> _Brief_:
When you repeat the entries, reproduce each line exactly and omit every picture.
⟨
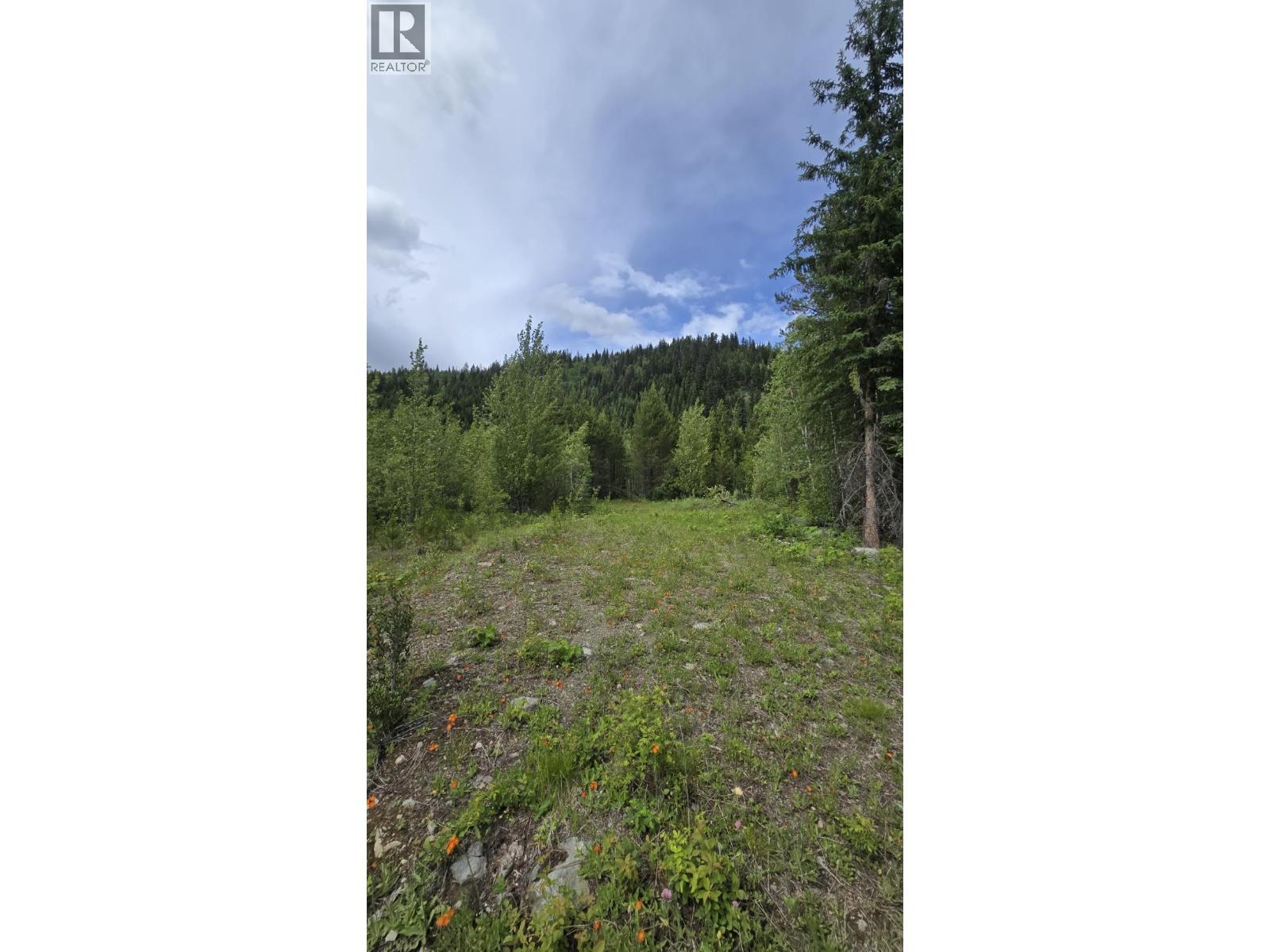 2676 Eagle Creek Road, Canim Lake, British Columbia  V0K 1L0 - Photo 18 - R3137494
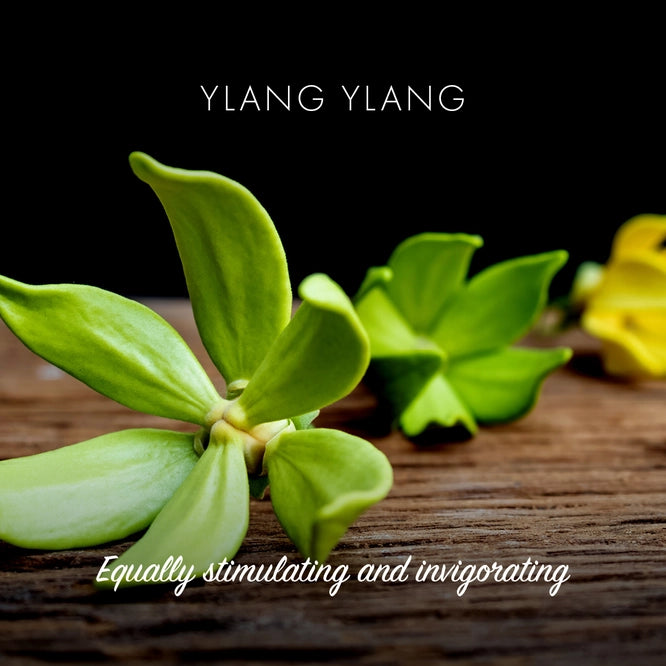 Barre de savon écologique à l'ylang-ylang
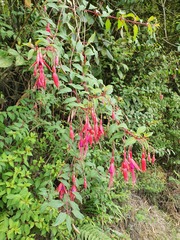 Fuchsia magellanica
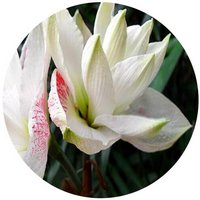 Hippeastrum Reticulatum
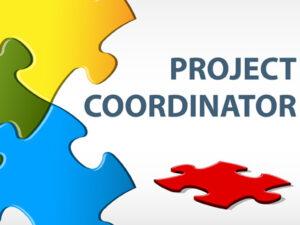 SmartTalent - Project Coordinator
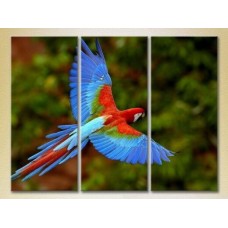 Картина Magic Color Triptych Parrot Flight 02 (2699023)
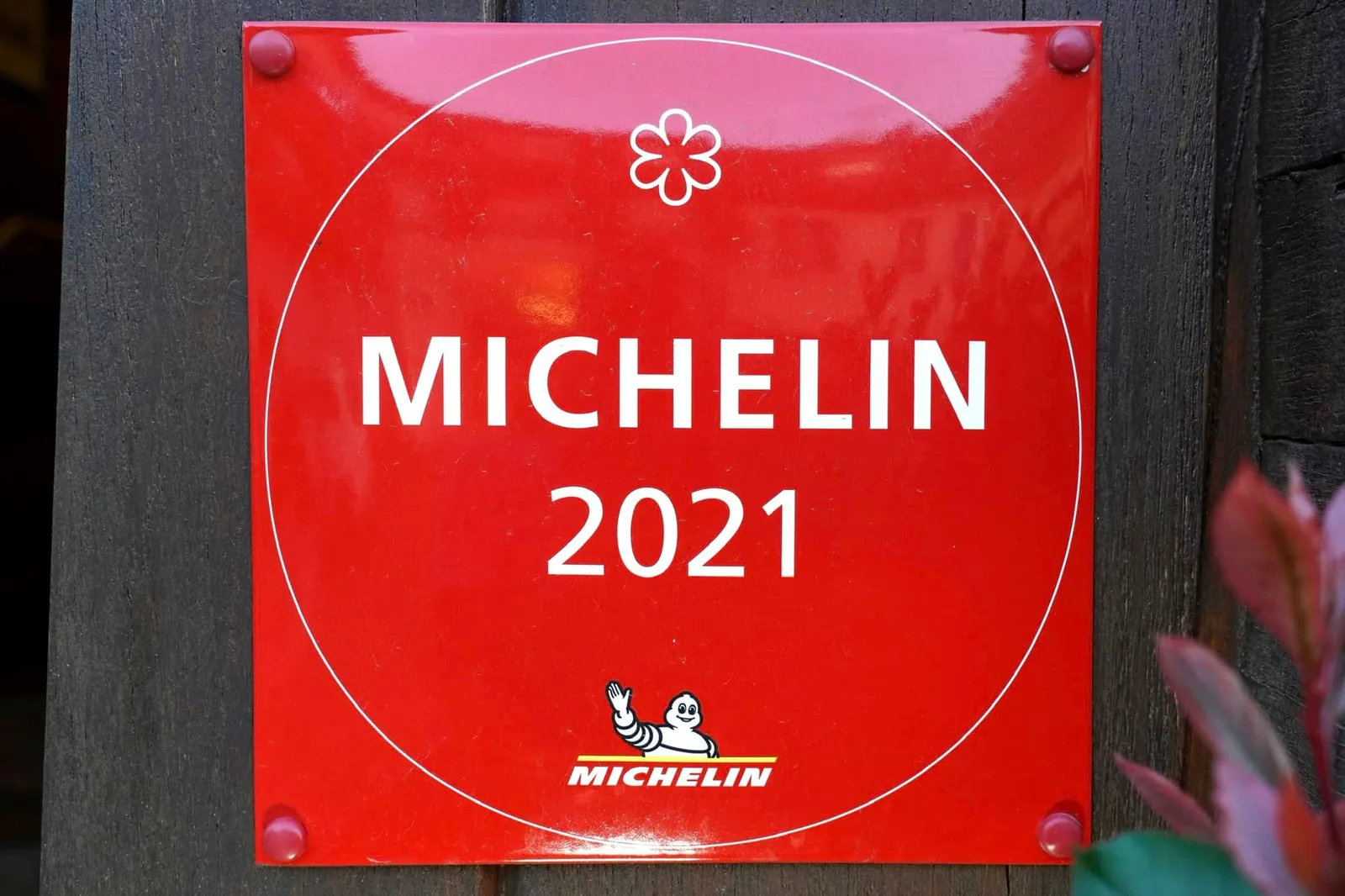 🌟 1 MICHELIN Star - 1 ดาวมิชลิน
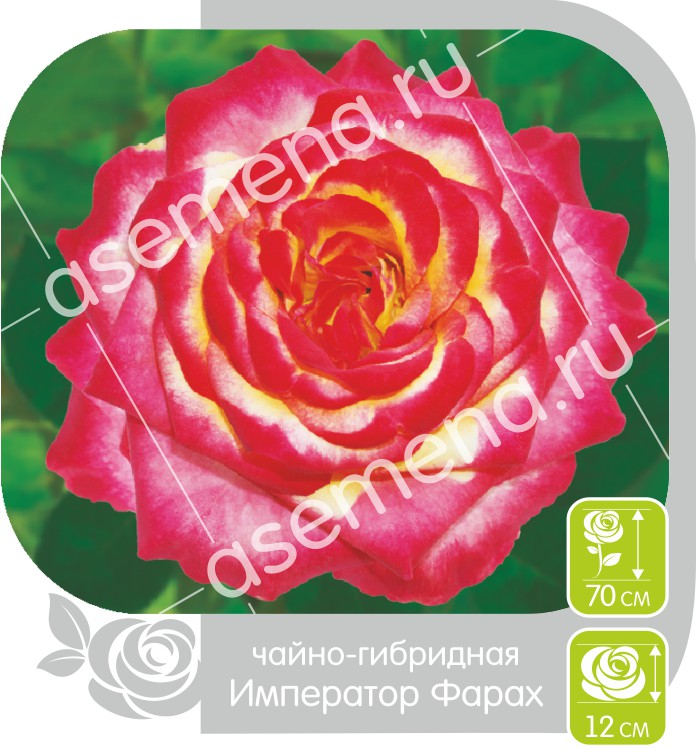 Император Фарах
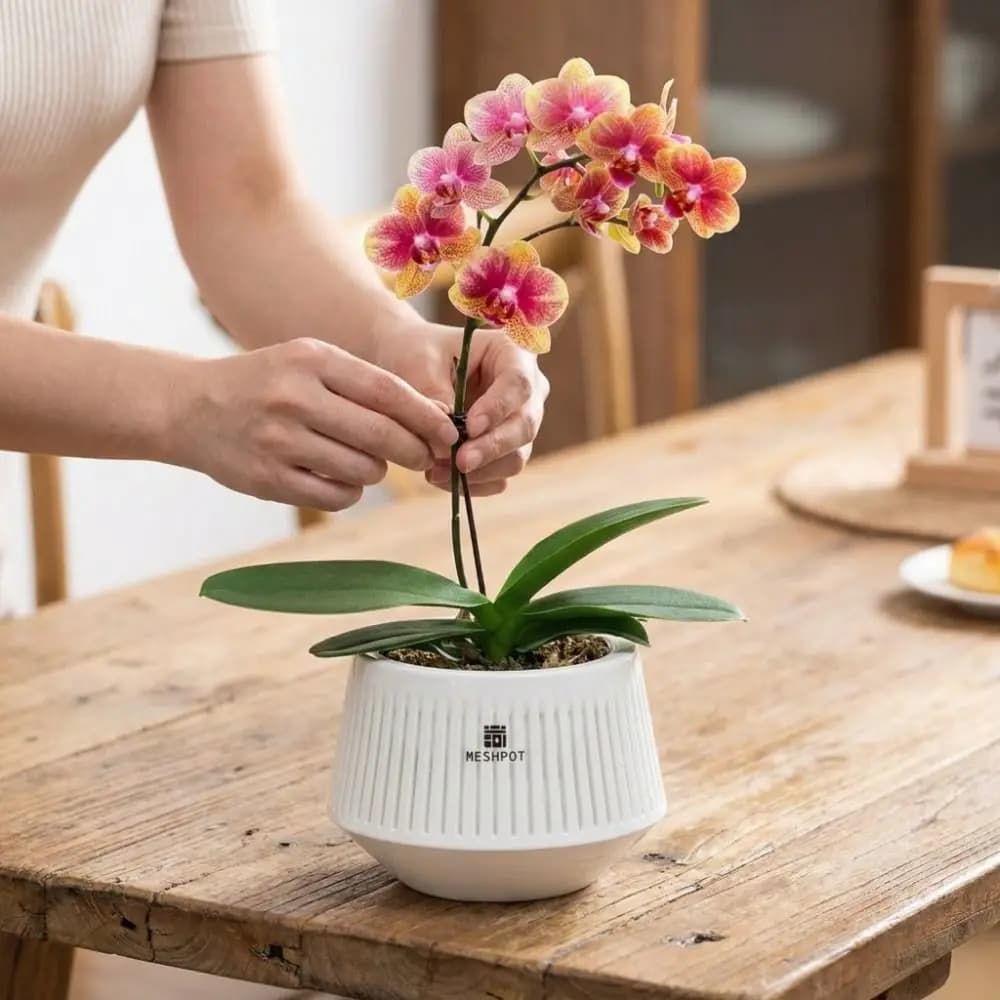 Vaso per orchidee a rete tipo split, idratante e ispessito, con fori per il controllo delle radici, per la coltivazione e la giardinaggio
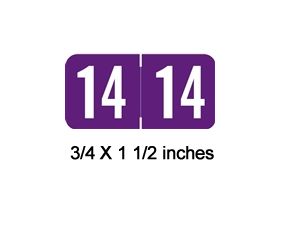 ACME Year 2014 Laminate Labels - Purple - ACYM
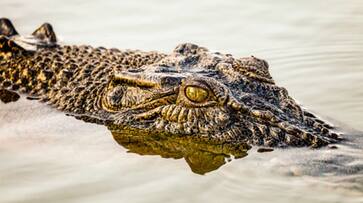 farmer survives crocodile attack by biting back on crocodiles eyelid etj farmer survives crocodile attack by biting back on crocodiles eyelid etj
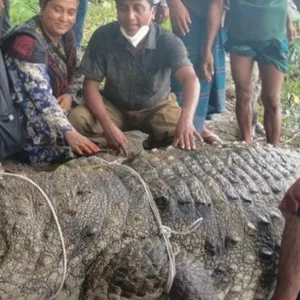 Bagerhat shrine crocodile to be relocated to Sundarbans after fatal attacks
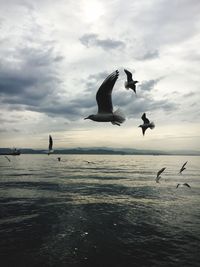 Seagulls flying over sea against sky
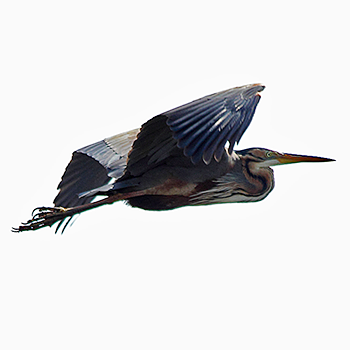 Purple Heron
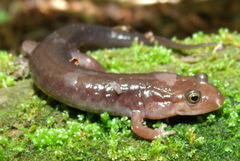 Desmognathus imitator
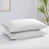 Blanc brillant est en rupture de stock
⟩
> _Exercise result_:
 2676 Eagle Creek Road, Canim Lake, British Columbia  V0K 1L0 - Photo 18 - R3137494
 Barre de savon écologique à l'ylang-ylang
 Fuchsia magellanica
 Hippeastrum Reticulatum
 SmartTalent - Project Coordinator
 Картина Magic Color Triptych Parrot Flight 02 (2699023)
 🌟 1 MICHELIN Star - 1 ดาวมิชลิน
 Император Фарах
 Vaso per orchidee a rete tipo split, idratante e ispessito, con fori per il controllo delle radici, per la coltivazione e la giardinaggio
 ACME Year 2014 Laminate Labels - Purple - ACYM
 farmer survives crocodile attack by biting back on crocodiles eyelid etj farmer survives crocodile attack by biting back on crocodiles eyelid etj
 Bagerhat shrine crocodile to be relocated to Sundarbans after fatal attacks
 Seagulls flying over sea against sky
 Purple Heron
 Desmognathus imitator
 Blanc brillant est en rupture de stock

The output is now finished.